--- Task ---
Retype, exactly as they appear below, the lines between the line holding "You can find" and the line holding "I'm going to set it to urine. Press start.", both ends included.

Collected data
((

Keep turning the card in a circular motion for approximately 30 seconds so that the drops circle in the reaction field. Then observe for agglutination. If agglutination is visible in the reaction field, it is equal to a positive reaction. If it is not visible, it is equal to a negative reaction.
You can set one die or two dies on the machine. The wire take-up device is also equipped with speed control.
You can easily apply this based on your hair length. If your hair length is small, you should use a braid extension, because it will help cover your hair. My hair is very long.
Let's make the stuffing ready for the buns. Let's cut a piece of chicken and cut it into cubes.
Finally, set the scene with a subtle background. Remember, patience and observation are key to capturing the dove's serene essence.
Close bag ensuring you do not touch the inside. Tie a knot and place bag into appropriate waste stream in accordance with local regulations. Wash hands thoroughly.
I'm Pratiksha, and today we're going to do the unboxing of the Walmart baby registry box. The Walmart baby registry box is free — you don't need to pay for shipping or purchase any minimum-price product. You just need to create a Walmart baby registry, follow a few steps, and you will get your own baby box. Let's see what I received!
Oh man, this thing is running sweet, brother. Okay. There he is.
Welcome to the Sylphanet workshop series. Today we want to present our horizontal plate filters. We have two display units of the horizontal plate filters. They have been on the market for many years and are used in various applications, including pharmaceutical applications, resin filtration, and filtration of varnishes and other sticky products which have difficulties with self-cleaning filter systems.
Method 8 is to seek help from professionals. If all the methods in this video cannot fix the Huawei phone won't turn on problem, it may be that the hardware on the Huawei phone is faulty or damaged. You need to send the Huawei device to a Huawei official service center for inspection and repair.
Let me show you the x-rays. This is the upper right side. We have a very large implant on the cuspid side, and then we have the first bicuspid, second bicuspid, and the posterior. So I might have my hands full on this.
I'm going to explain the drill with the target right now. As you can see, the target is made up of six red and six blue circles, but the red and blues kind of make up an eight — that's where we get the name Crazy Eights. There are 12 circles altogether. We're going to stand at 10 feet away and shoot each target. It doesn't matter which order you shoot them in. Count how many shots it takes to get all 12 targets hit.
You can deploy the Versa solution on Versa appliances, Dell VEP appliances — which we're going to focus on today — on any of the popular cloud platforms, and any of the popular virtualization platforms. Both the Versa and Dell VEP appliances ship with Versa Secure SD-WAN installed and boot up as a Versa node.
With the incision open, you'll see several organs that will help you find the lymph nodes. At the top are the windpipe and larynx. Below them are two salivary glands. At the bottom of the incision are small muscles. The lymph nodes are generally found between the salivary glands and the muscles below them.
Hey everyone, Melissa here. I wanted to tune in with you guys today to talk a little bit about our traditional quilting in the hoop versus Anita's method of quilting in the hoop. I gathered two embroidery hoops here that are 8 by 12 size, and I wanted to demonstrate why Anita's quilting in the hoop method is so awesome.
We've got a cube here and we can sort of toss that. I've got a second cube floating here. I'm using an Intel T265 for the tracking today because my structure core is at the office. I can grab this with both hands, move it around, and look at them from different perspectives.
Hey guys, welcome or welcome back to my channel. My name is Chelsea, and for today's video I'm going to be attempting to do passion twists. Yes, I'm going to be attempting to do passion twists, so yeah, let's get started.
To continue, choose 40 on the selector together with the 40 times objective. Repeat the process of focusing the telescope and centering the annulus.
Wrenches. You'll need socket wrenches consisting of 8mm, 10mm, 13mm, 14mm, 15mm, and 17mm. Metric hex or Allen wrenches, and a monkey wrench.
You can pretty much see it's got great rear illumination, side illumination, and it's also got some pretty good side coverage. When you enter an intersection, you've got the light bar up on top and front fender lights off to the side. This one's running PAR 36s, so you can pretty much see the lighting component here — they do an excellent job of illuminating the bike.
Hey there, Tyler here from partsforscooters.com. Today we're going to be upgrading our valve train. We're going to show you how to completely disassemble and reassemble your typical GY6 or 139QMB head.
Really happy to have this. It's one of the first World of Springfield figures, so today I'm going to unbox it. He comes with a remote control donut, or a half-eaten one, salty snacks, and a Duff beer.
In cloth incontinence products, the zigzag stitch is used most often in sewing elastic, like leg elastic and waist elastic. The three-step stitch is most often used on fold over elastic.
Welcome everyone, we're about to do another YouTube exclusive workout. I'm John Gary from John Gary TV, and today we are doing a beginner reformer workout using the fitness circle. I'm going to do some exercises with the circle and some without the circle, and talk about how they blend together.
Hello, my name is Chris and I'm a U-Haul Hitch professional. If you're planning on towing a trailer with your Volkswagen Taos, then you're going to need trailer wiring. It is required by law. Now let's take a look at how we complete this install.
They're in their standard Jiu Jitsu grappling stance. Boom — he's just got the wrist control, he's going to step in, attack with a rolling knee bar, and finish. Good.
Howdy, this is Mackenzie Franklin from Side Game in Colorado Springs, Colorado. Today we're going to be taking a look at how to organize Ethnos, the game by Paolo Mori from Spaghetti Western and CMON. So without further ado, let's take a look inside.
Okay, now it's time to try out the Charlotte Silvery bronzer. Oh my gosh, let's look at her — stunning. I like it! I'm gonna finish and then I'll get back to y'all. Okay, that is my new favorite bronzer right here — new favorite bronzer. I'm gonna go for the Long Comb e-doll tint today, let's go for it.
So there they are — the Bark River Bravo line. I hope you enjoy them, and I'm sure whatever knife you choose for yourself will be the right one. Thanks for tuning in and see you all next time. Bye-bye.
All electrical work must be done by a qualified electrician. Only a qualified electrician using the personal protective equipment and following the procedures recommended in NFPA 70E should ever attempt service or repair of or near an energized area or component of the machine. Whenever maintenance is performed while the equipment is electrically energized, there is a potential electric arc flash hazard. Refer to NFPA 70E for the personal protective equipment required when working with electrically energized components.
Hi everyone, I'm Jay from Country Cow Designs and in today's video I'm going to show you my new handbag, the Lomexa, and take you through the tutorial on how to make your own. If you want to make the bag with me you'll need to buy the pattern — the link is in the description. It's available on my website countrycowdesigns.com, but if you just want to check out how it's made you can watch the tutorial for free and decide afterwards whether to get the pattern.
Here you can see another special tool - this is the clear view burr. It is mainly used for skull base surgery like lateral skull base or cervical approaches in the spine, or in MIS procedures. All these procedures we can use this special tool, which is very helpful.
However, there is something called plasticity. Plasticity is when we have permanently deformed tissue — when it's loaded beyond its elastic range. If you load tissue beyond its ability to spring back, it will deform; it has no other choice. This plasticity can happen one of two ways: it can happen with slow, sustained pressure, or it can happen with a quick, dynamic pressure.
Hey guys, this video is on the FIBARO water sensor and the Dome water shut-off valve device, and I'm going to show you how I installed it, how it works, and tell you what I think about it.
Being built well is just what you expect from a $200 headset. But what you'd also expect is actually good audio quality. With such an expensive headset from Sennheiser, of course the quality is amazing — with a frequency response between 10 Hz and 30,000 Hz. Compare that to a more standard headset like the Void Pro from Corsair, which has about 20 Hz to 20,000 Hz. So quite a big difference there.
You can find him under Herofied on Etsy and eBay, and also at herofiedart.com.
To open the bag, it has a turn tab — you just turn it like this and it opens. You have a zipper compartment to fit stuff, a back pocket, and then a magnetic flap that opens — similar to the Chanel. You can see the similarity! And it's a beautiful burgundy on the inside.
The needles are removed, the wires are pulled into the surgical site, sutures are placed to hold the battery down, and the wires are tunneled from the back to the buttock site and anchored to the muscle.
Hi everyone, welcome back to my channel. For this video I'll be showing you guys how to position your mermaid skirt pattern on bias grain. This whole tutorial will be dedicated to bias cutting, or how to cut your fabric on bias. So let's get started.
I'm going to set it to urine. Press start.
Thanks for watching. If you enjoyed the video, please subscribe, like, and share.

))

--- Answer area ---
You can find him under Herofied on Etsy and eBay, and also at herofiedart.com.
To open the bag, it has a turn tab — you just turn it like this and it opens. You have a zipper compartment to fit stuff, a back pocket, and then a magnetic flap that opens — similar to the Chanel. You can see the similarity! And it's a beautiful burgundy on the inside.
The needles are removed, the wires are pulled into the surgical site, sutures are placed to hold the battery down, and the wires are tunneled from the back to the buttock site and anchored to the muscle.
Hi everyone, welcome back to my channel. For this video I'll be showing you guys how to position your mermaid skirt pattern on bias grain. This whole tutorial will be dedicated to bias cutting, or how to cut your fabric on bias. So let's get started.
I'm going to set it to urine. Press start.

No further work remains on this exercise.